SOURCE MATERIAL
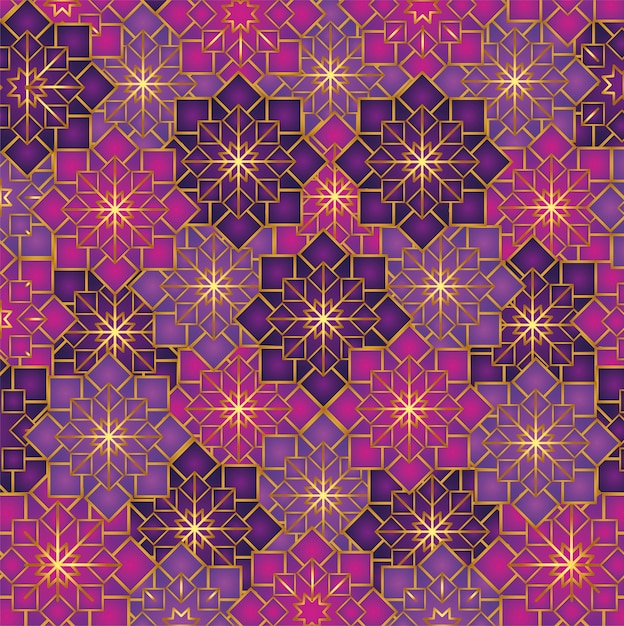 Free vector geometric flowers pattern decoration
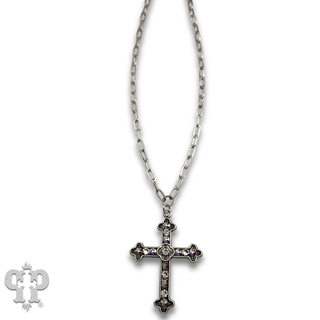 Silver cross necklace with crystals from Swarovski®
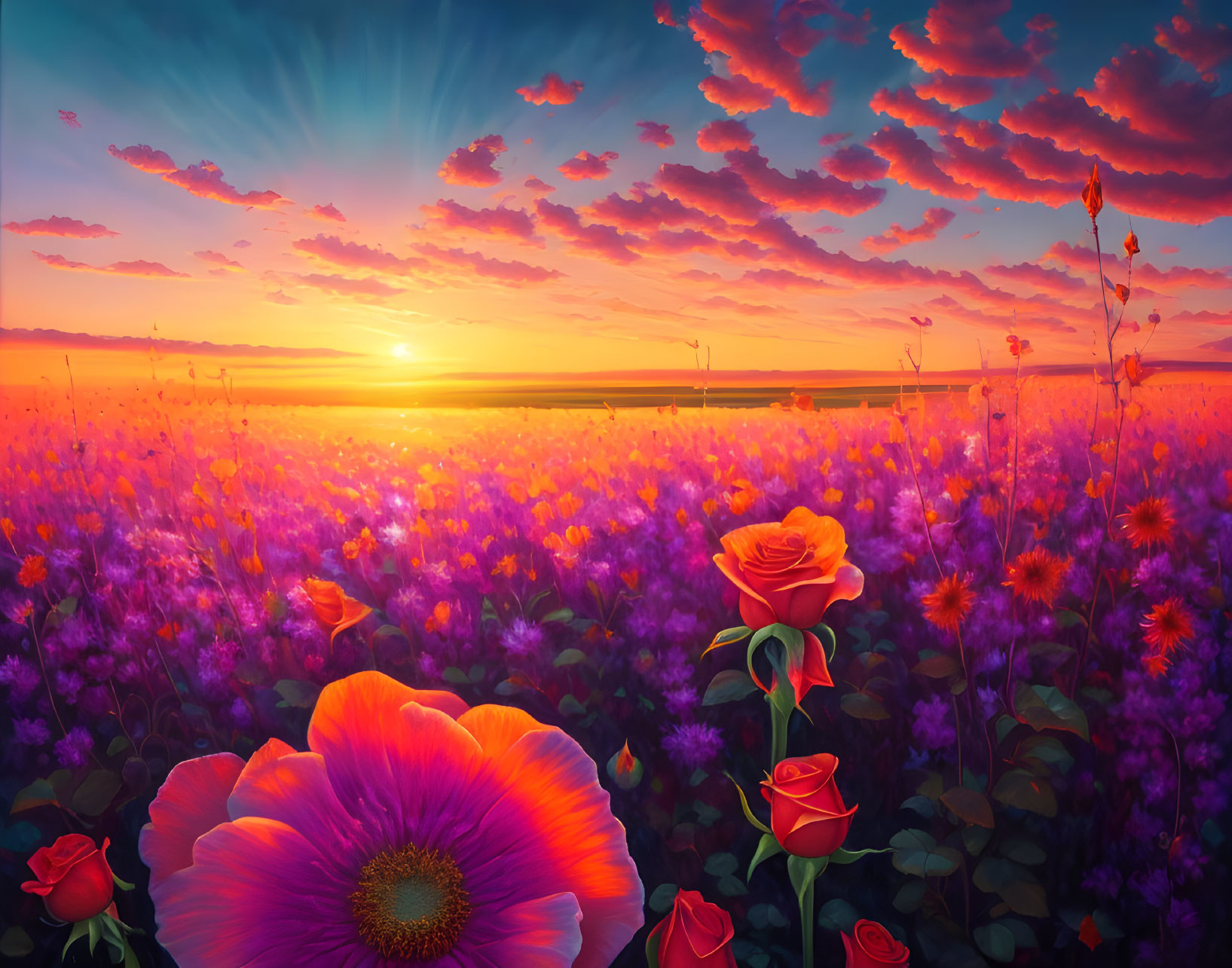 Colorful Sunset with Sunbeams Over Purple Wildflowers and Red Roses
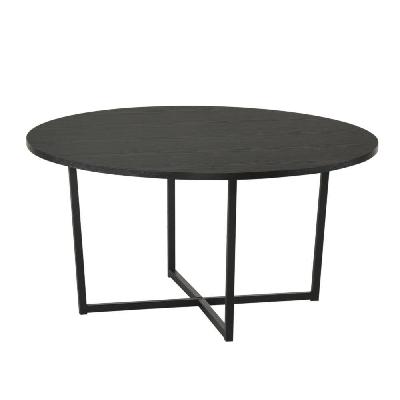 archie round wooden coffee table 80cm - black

EXERCISE AIM
Write out exactly, with no pictures, each line from the one containing "Colorful Sunset with" through the last line of the listing above, both included.

ANSWER SECTION
 Colorful Sunset with Sunbeams Over Purple Wildflowers and Red Roses
 archie round wooden coffee table 80cm - black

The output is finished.